On ■ Motion for Rehearing.
Appellants and appellee filed motions for rehearing. Since appellants raised nothing new in their motion and since we have heretofore passed on all questions raised by them, their motion for a rehearing is overruled.
The County Attorney filed a motion for appellee asking for a rehearing and charging that this Court erred in holding that the trial court committed error in requiring appellants, Billy Dendy and L. J. King, Jr., to testify against themselves over their objections made only through their counsel. Appellee contends that “such privilege of refusing to testify, wherein such testimony might tend to incriminate the witnesses, must be claimed by the witness himself at the time such question is propounded to him, the answers to which might incriminate the witness, under oath, and cannot be claimed by such witnesses’ counsel as was done in this case.”
*304The record discloses that the above-named appellants were each fifteen years of age and must have been unaccustomed to court procedure and must have known little about the law governing the rights of the accused and his privileges when called as a witness. Appellants were standing trial as juvenile delinquents upon a petition charging them with fraud and making other accusations of a similar nature against them that amounted to a charge of theft.

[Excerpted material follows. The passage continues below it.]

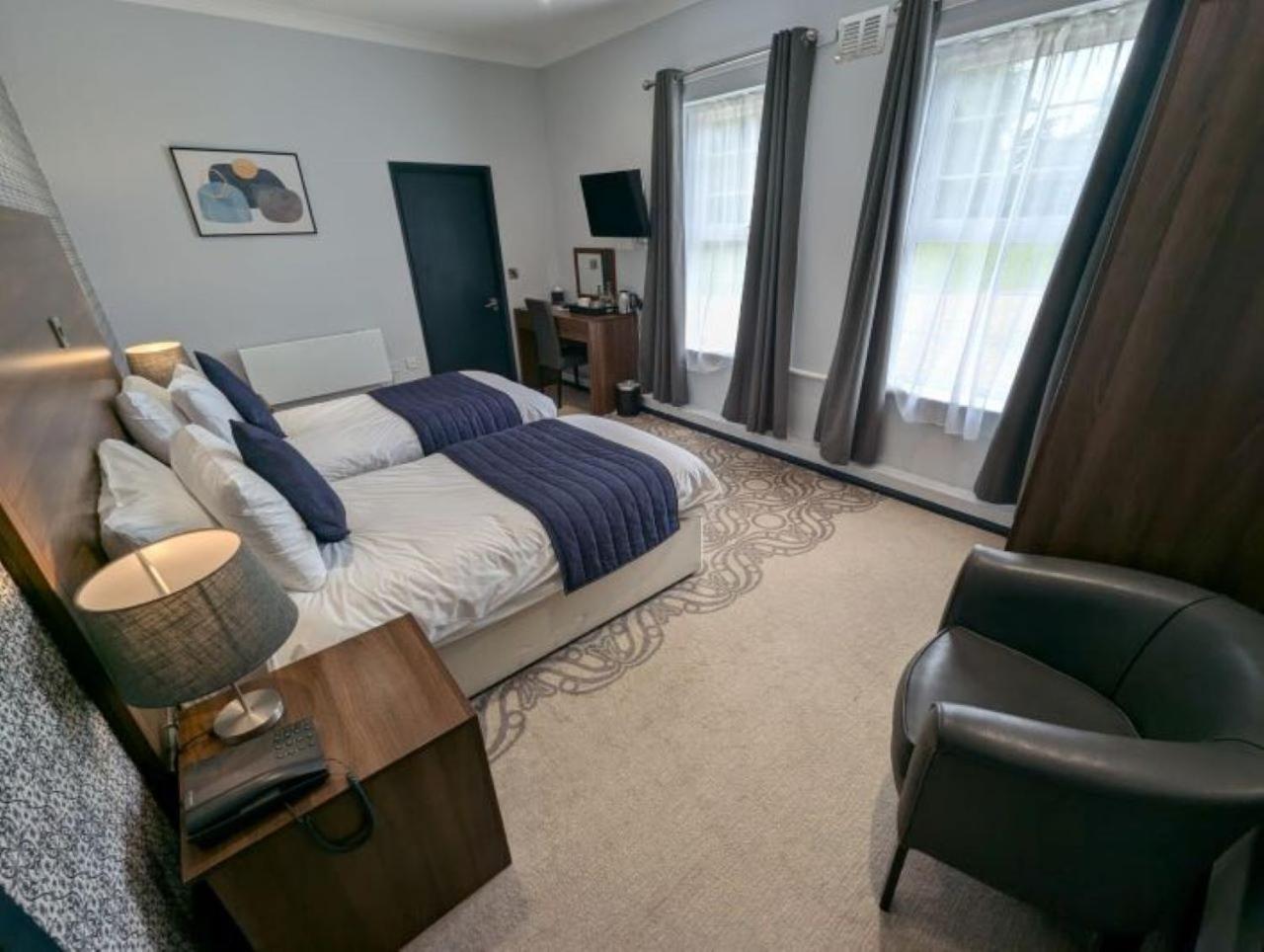Twin Room - Photo 3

Such a proceeding should not be a criminal proceeding that contemplates punishment of the child if convicted, but it should be a proceeding for custodial protection of the child as intended by the Act in question.
Under authorities cited in the original opinion in this appeal, the word “incriminate” may mean even more than to charge with a crime; it may also mean to charge “with fraud, to accuse, or to involve in an accusation.” These children of a tender age were charged with fraud, were being accused, and were then on trial as a result of such charges and accusations when the trial court, at the request of the State’s counsel and over the objection of their own counsel, required them to be sworn and to give evidence against themselves that amounted to involuntary pleas of guilty and resulted in their convictions. They were the first witnesses called by the State; others were called later whose testimony corroborated that given by said appellants.

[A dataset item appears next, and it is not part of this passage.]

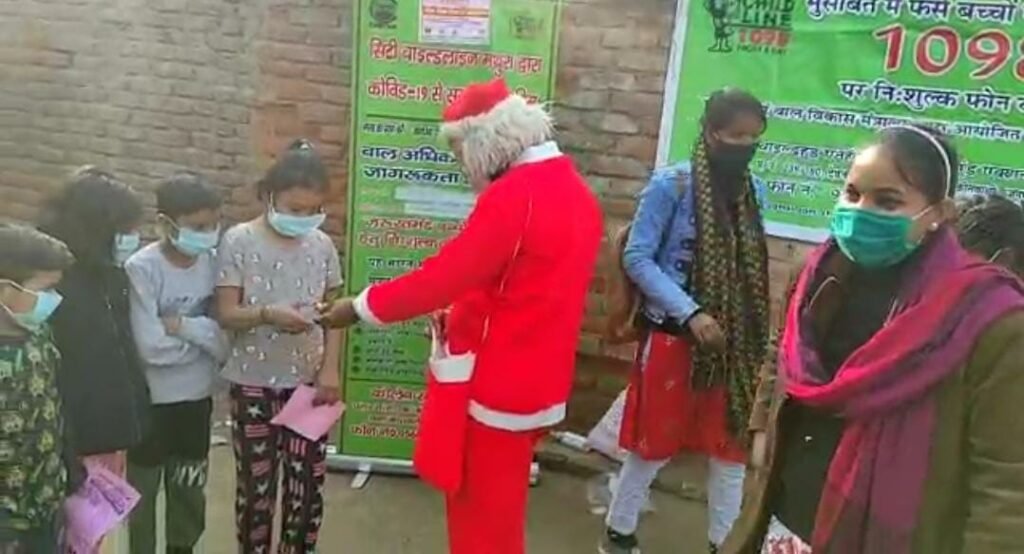 Merry Christmas: Children of Basti race to see Santa Claus, dance as soon as gift is received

In any kind of a judicial hearing that involves the rights or the future destiny of a child, an old rule of law, as well as the Act in question, makes it the duty of the trial judge to zealously guard the rights of such child and to see that no advantage is taken of him in such proceedings. It is our opinion that the Act in question contemplates the conducting of a hearing in a juvenile case for the best interests of the child involved and there must be some rule of procedure, especially in a contested case, that will divulge, in so far as possible, the facts and conditions surrounding the child, but some regard must be had for the fundamental principles of judicial procedure. Certainly, a child of tender age who is standing trial upon a charge of fraud and other kindred accusations should have at least as much, if not more, protection at the hands of the trial court than an adult who is standing trial on a criminal charge.
The Act in question sets up a complete jurisdiction and procedure for hearing such cases and nowhere does it provide that either criminal or civil procedure shall be followed. It is our opinion that it contemplates a cooperative attempt upon the part of all the officers of the court in seeing that the best interest of the child is protected in such cases and that he is given every possible advantage for proper training for good citizenship.

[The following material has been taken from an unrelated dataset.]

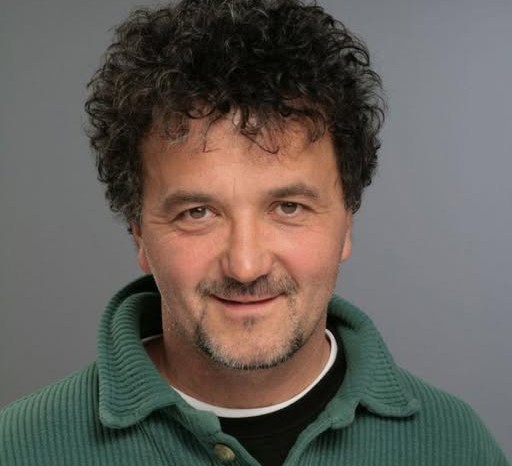 Meghalt Scherer Péter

We believe the objections of appellants’ counsel alone to the trial court’s compelling Billy Dendy and L. J. King, Jr., who were then on trial, to give testimony against themselves was sufficient in such a case without said children claiming their privilege of refusing to testify. We believe the trial court committed error in compelling them to testify over the objections of their counsel only, and we further believe that because of the tender ages of these appellants it was the duty of the trial court to inform them as witnesses, even after they were sworn as such, in language understood by them that they were not required to answer the questions propounded to them by the County Attorney. 44 Tex.Jur. 973, par. 29, and cases there cited.
All other questions raised by appellee have been heretofore disposed of, and ap-pellee’s motion for a rehearing is therefore overruled.